Extracted data entries
*** Begin section ***

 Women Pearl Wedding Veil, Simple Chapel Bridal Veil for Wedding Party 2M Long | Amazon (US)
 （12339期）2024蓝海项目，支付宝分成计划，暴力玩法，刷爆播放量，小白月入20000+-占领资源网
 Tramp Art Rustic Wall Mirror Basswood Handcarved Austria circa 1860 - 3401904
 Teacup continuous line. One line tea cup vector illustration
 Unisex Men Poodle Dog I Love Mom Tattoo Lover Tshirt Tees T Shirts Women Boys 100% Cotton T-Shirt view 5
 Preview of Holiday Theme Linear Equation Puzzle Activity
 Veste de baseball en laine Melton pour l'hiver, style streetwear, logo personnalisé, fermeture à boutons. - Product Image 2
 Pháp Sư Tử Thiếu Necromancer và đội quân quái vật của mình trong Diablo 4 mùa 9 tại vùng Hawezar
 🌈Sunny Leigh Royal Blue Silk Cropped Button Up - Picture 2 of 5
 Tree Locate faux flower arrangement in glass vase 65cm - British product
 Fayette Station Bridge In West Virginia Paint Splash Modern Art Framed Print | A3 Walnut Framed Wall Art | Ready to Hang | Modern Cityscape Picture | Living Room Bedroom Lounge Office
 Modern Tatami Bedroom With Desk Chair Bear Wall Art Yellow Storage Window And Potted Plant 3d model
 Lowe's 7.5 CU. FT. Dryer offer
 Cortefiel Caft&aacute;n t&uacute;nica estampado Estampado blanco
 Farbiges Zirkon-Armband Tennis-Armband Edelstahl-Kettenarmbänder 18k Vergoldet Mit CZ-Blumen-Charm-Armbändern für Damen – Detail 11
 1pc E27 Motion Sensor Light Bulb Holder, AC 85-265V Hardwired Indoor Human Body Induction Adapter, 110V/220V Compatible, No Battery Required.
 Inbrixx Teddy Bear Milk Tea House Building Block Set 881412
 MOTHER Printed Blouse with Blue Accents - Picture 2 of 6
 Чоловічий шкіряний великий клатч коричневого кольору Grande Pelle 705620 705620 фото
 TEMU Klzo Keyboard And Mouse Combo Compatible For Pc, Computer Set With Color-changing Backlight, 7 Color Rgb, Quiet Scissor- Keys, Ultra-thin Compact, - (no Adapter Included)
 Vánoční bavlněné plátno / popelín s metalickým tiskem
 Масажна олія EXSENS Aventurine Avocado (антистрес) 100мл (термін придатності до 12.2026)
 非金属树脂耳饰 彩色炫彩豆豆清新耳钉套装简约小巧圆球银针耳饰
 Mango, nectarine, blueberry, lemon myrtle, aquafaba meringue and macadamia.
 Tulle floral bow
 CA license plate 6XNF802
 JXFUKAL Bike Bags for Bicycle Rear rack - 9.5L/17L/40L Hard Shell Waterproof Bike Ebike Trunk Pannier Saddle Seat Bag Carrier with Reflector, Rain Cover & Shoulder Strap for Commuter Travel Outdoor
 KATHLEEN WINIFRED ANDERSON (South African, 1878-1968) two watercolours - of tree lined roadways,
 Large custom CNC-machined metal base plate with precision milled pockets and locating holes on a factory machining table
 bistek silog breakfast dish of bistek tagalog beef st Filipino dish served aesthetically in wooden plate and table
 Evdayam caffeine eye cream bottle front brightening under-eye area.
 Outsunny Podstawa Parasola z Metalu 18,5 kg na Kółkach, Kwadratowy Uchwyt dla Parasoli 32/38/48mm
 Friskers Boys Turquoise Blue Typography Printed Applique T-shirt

*** End section ***

Exercise details: Copy the lines above exactly, leaving every word as it is.

Response to this task:
 Women Pearl Wedding Veil, Simple Chapel Bridal Veil for Wedding Party 2M Long | Amazon (US)
 （12339期）2024蓝海项目，支付宝分成计划，暴力玩法，刷爆播放量，小白月入20000+-占领资源网
 Tramp Art Rustic Wall Mirror Basswood Handcarved Austria circa 1860 - 3401904
 Teacup continuous line. One line tea cup vector illustration
 Unisex Men Poodle Dog I Love Mom Tattoo Lover Tshirt Tees T Shirts Women Boys 100% Cotton T-Shirt view 5
 Preview of Holiday Theme Linear Equation Puzzle Activity
 Veste de baseball en laine Melton pour l'hiver, style streetwear, logo personnalisé, fermeture à boutons. - Product Image 2
 Pháp Sư Tử Thiếu Necromancer và đội quân quái vật của mình trong Diablo 4 mùa 9 tại vùng Hawezar
 🌈Sunny Leigh Royal Blue Silk Cropped Button Up - Picture 2 of 5
 Tree Locate faux flower arrangement in glass vase 65cm - British product
 Fayette Station Bridge In West Virginia Paint Splash Modern Art Framed Print | A3 Walnut Framed Wall Art | Ready to Hang | Modern Cityscape Picture | Living Room Bedroom Lounge Office
 Modern Tatami Bedroom With Desk Chair Bear Wall Art Yellow Storage Window And Potted Plant 3d model
 Lowe's 7.5 CU. FT. Dryer offer
 Cortefiel Caft&aacute;n t&uacute;nica estampado Estampado blanco
 Farbiges Zirkon-Armband Tennis-Armband Edelstahl-Kettenarmbänder 18k Vergoldet Mit CZ-Blumen-Charm-Armbändern für Damen – Detail 11
 1pc E27 Motion Sensor Light Bulb Holder, AC 85-265V Hardwired Indoor Human Body Induction Adapter, 110V/220V Compatible, No Battery Required.
 Inbrixx Teddy Bear Milk Tea House Building Block Set 881412
 MOTHER Printed Blouse with Blue Accents - Picture 2 of 6
 Чоловічий шкіряний великий клатч коричневого кольору Grande Pelle 705620 705620 фото
 TEMU Klzo Keyboard And Mouse Combo Compatible For Pc, Computer Set With Color-changing Backlight, 7 Color Rgb, Quiet Scissor- Keys, Ultra-thin Compact, - (no Adapter Included)
 Vánoční bavlněné plátno / popelín s metalickým tiskem
 Масажна олія EXSENS Aventurine Avocado (антистрес) 100мл (термін придатності до 12.2026)
 非金属树脂耳饰 彩色炫彩豆豆清新耳钉套装简约小巧圆球银针耳饰
 Mango, nectarine, blueberry, lemon myrtle, aquafaba meringue and macadamia.
 Tulle floral bow
 CA license plate 6XNF802
 JXFUKAL Bike Bags for Bicycle Rear rack - 9.5L/17L/40L Hard Shell Waterproof Bike Ebike Trunk Pannier Saddle Seat Bag Carrier with Reflector, Rain Cover & Shoulder Strap for Commuter Travel Outdoor
 KATHLEEN WINIFRED ANDERSON (South African, 1878-1968) two watercolours - of tree lined roadways,
 Large custom CNC-machined metal base plate with precision milled pockets and locating holes on a factory machining table
 bistek silog breakfast dish of bistek tagalog beef st Filipino dish served aesthetically in wooden plate and table
 Evdayam caffeine eye cream bottle front brightening under-eye area.
 Outsunny Podstawa Parasola z Metalu 18,5 kg na Kółkach, Kwadratowy Uchwyt dla Parasoli 32/38/48mm
 Friskers Boys Turquoise Blue Typography Printed Applique T-shirt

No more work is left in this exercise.